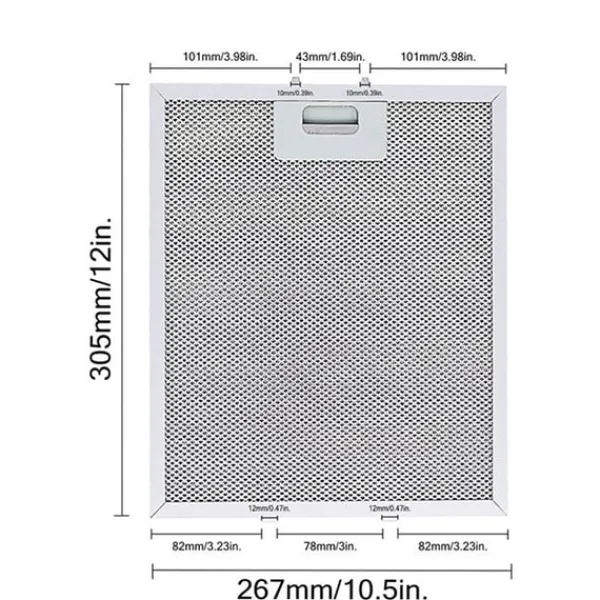 4-pak aluminium & aktivt kul emhættefilter kompatibelt med Whirlpool W10169961A, Ikea, Jenn Air New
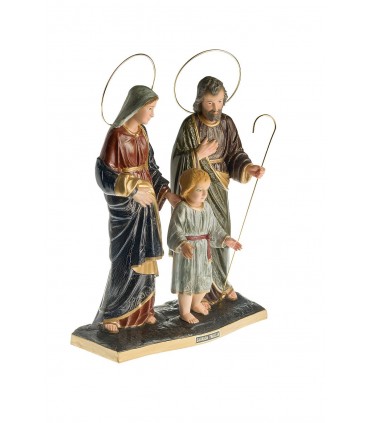 Holy Family, cracked painting, 30cm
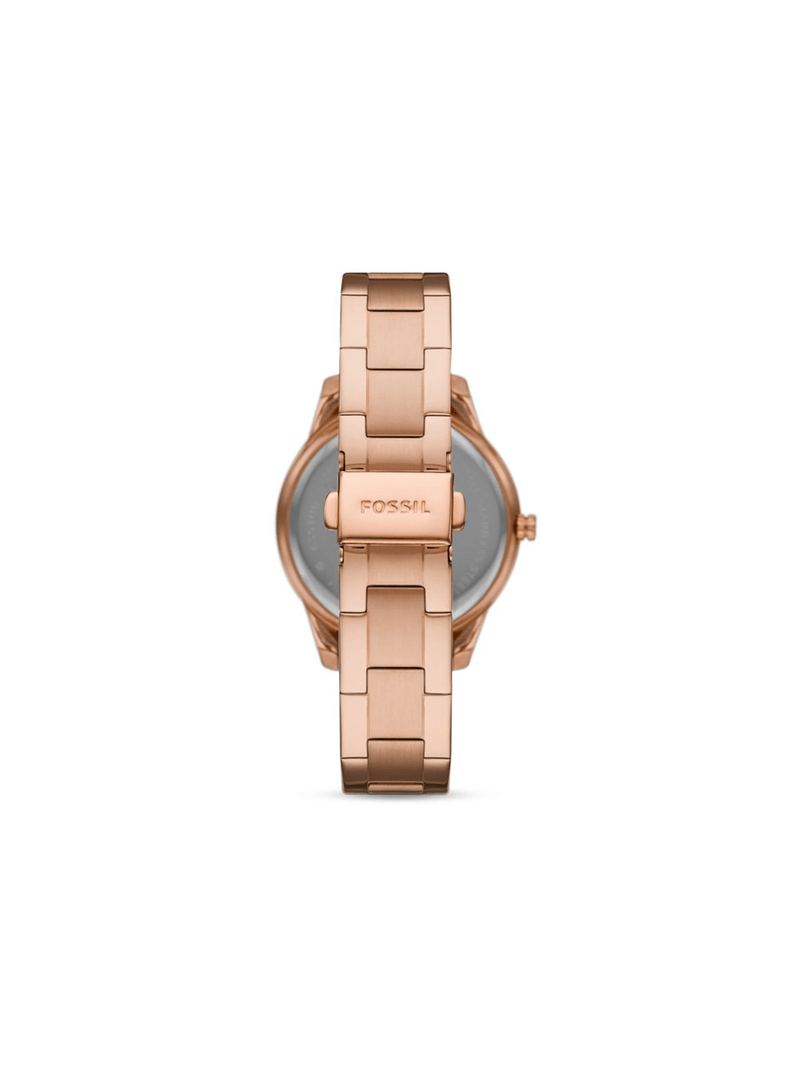 Fossil Ladies Stella Sport Rose & Brown Tone Multi-Dial Bracelet Watch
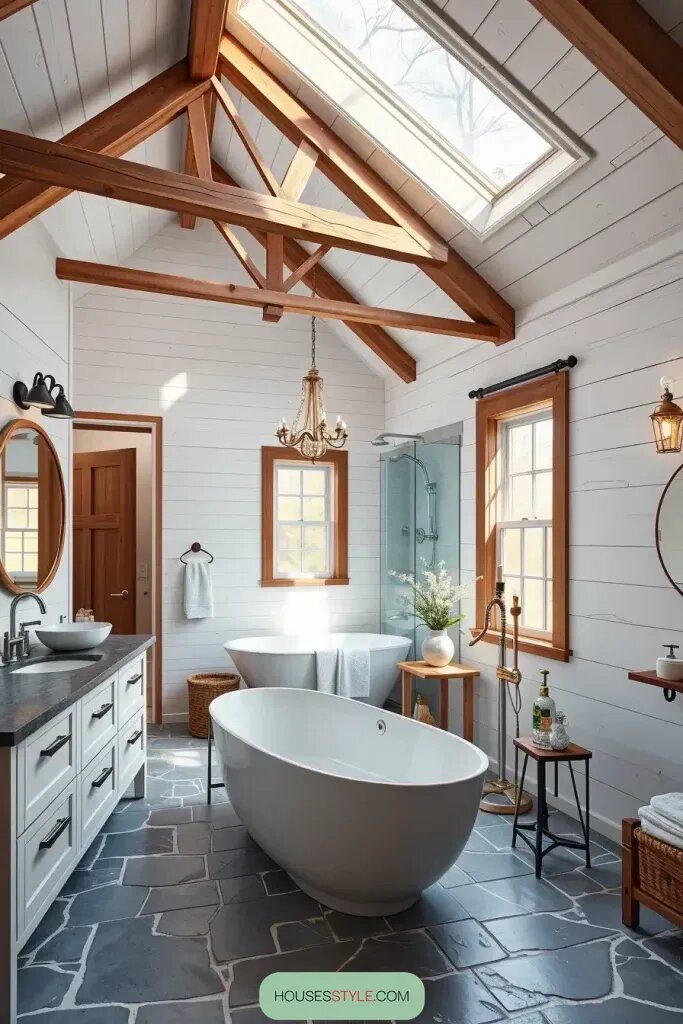 Revamp Your Bathroom with These 63 Chic Rustic Design Ideas 11 final img 7JeI EKoW5nda1Mo5G17o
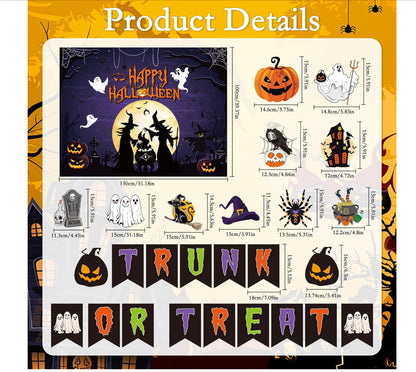 Witch Trunk or Treat Decor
####
● What this task involves: All entries, top to bottom, should be retyped exactly; the pictures should not be.

● Solution to this task:
 4-pak aluminium & aktivt kul emhættefilter kompatibelt med Whirlpool W10169961A, Ikea, Jenn Air New
 Holy Family, cracked painting, 30cm
 Fossil Ladies Stella Sport Rose & Brown Tone Multi-Dial Bracelet Watch
 Revamp Your Bathroom with These 63 Chic Rustic Design Ideas 11 final img 7JeI EKoW5nda1Mo5G17o
 Witch Trunk or Treat Decor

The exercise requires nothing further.